Jim Gray from Microsoft's Research Labs gave a talk at eBay Park in San Jose. He gave a very interesting talk on ongoing work to bring scientific data online.
What follows are my notes, as I typed them up during the talk:
This talk is about Informatics - How do we take information from related disciplines and make it available to other disciplines. Funding agencies are forcing scientific literature into the public domain. Lots of scientific data online, but not easy to access.
Thousands of years ago, science was empirical, and only in the last few hundred years has it become theoretical. In the last few decades it has become computational, and today, it is about data exploration (eScience), or informatics
Today, scientists have been able to collect in incredible amount of empirical data. There is a data avalanche. Astronomers can generate terabytes of data overnight. Radiologists have more pixels to work with than they can examine with the human eye.
Historically, computational science has been about simulation, but now it is about analyzing the massive amounts of data that scientists can collect. Computer scientists can help with visualization, data mining, and more. One of the things the computer science community can do is to help with tools that make this easier.
Data access is hitting a wall. The current practice is to dump data via FTP. This doesn't scale when you hit the multi-gigabyte and terabyte realm. You begin to need indexes and better organization. We need algorithms that don't have quadratic behavior (they are approximate instead of absolute) in order to handle this scale.
Most computer scientists don't use databases, so what do we need to do to make databases more useful for the scientific community? Doing statistical analysis within the database instead of outside.

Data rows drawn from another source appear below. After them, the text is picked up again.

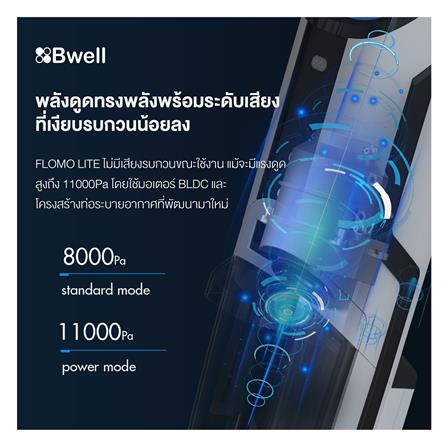 เครื่องทำความสะอาดแบบด้าม BWELL FLOMO LITE_10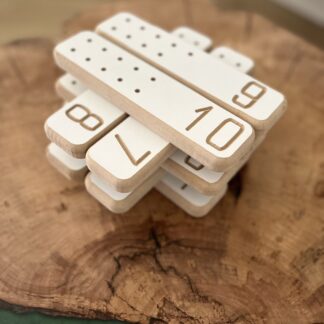 Grafomotorische Tafeln zum Zählen lernen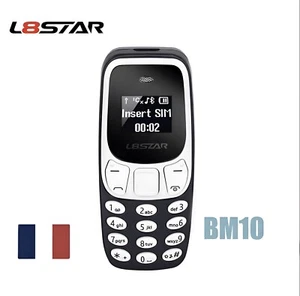 L8Star Mini Téléphone Portable BM10 Bluetooth Discret Indétectable Changeur Voix - Photo 1/5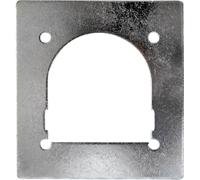 Contre-plaque pour anneau d'arrimage (L x l) 12 mm x 11.5 mm HP Autozubehör 25275 1 pc(s)
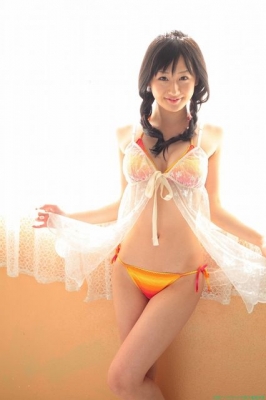 National beauty pageant Mizuho Nishimura swimsuit gravure126
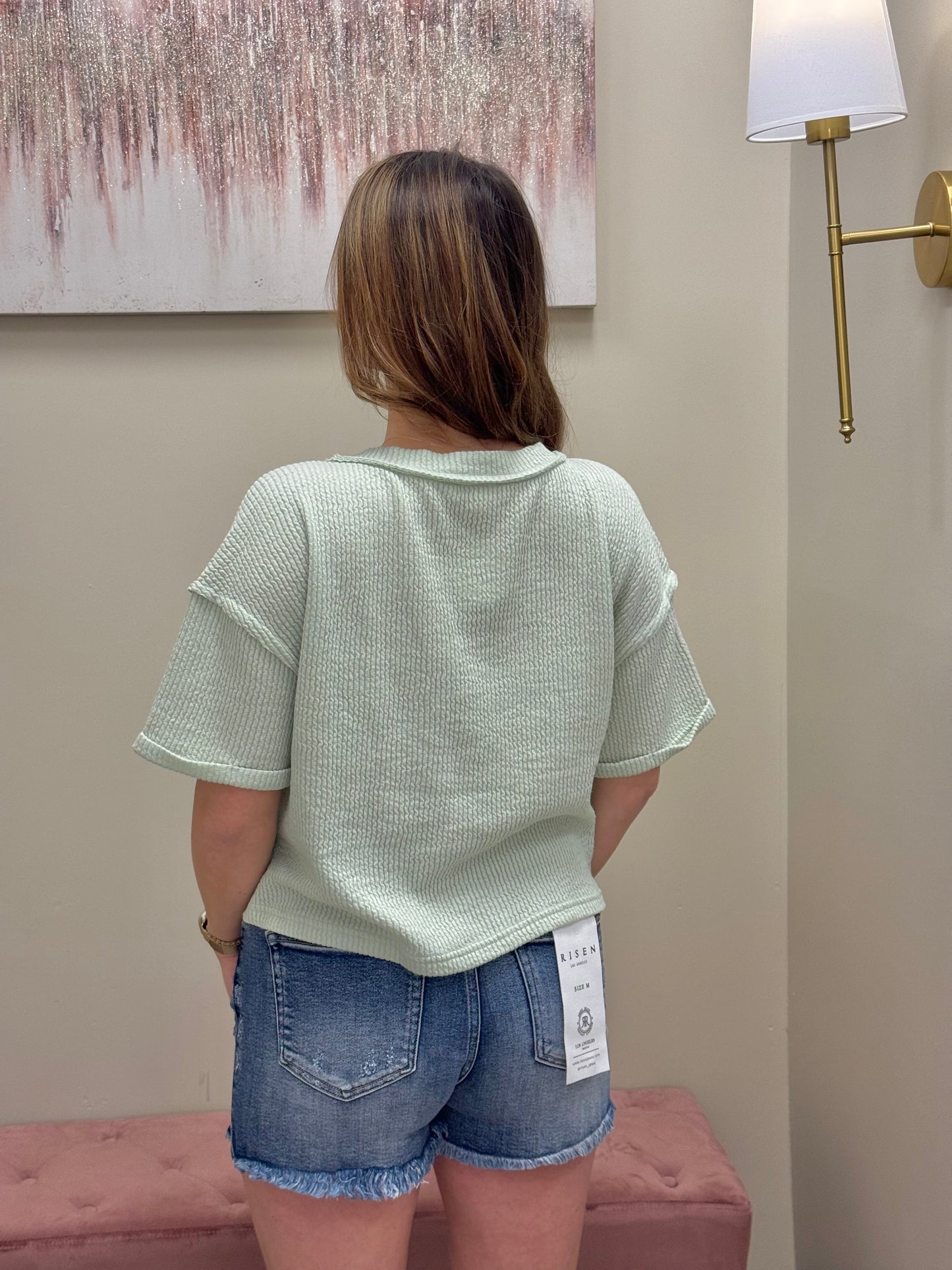The Harper Ribbed Top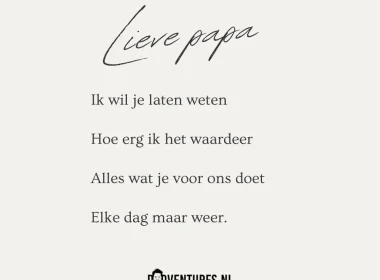 Spreuk voor vaderdag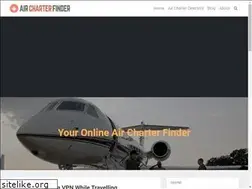 Sites similar to air-charter-finder.com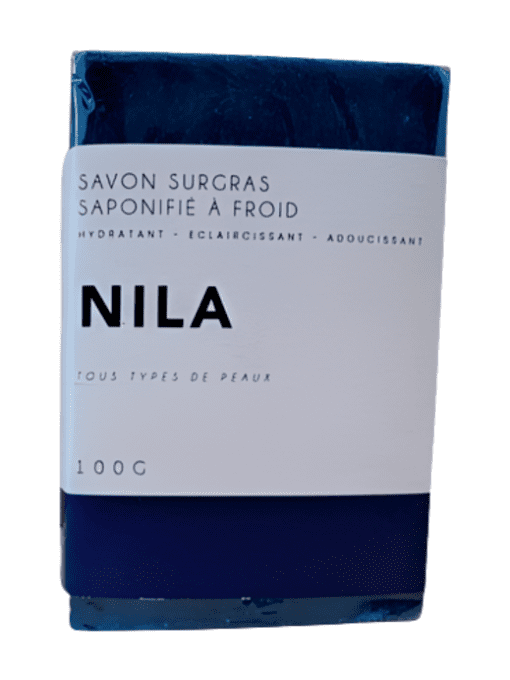 Savon surgras à la poudre de Nila 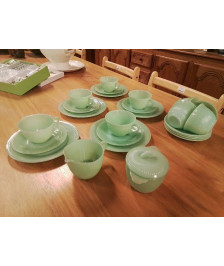 QUEUE DE SERVICE VINTAGE LOT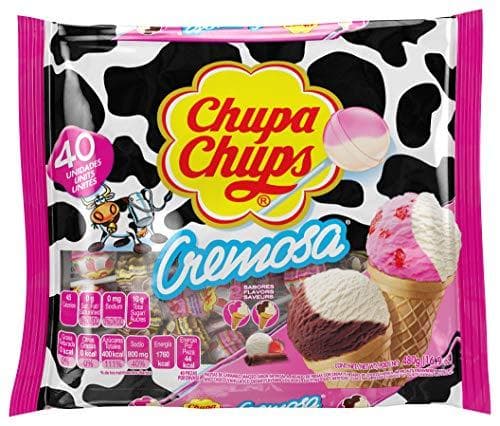 Chupa Chups Cremosa Ice Cream Lollipops - Delightful Frozen Treat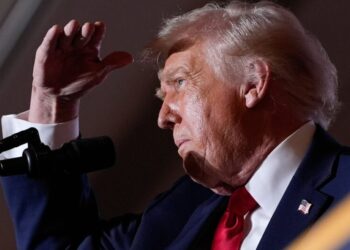 Trump Confronts His Political Reality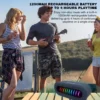 Vinnfier Tango Neo 17 Portable Bluetooth Speaker with RGB Lights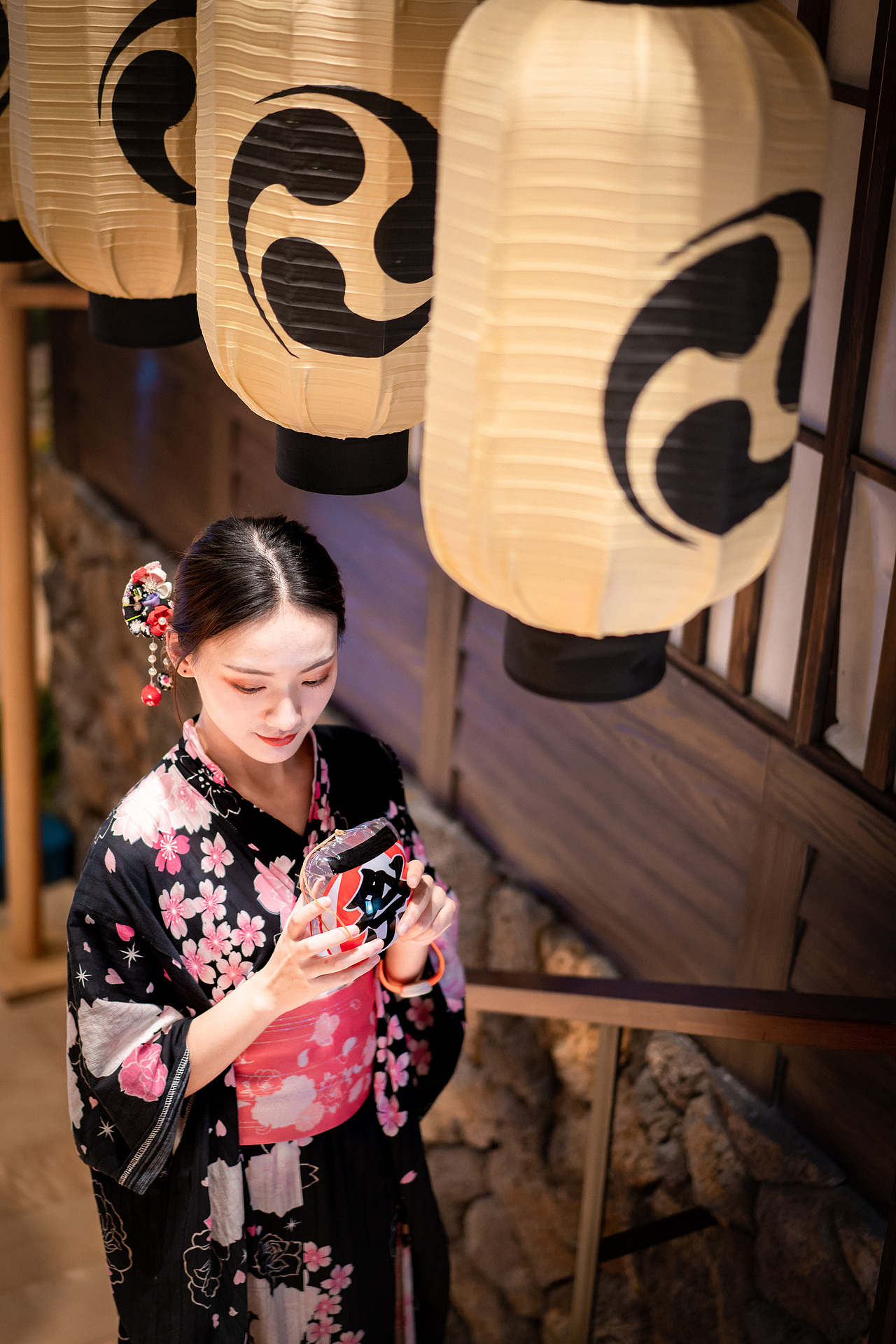 涟泉大江户和服拍摄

Every scientist discipline is growing an informatics branch. This is not a small change.
Today there is a wall between developing scientific literature and the data on which it was based.
I [Jim] think that this change is going to happen. Data is going to come online. Computer science and physics literature is already online (archive.org). With other disciplines this is not the case (example of finding an article through pubmed but having to pay $50 to read it).
About 2 years ago, congress enacted a law that if anyone does research with public dollars should publish it in the public domain. Only 4% comply. Joe Liebermann is sponsoring a bill called Taxpayer Access to [Public Research?] This is going to happen eventually.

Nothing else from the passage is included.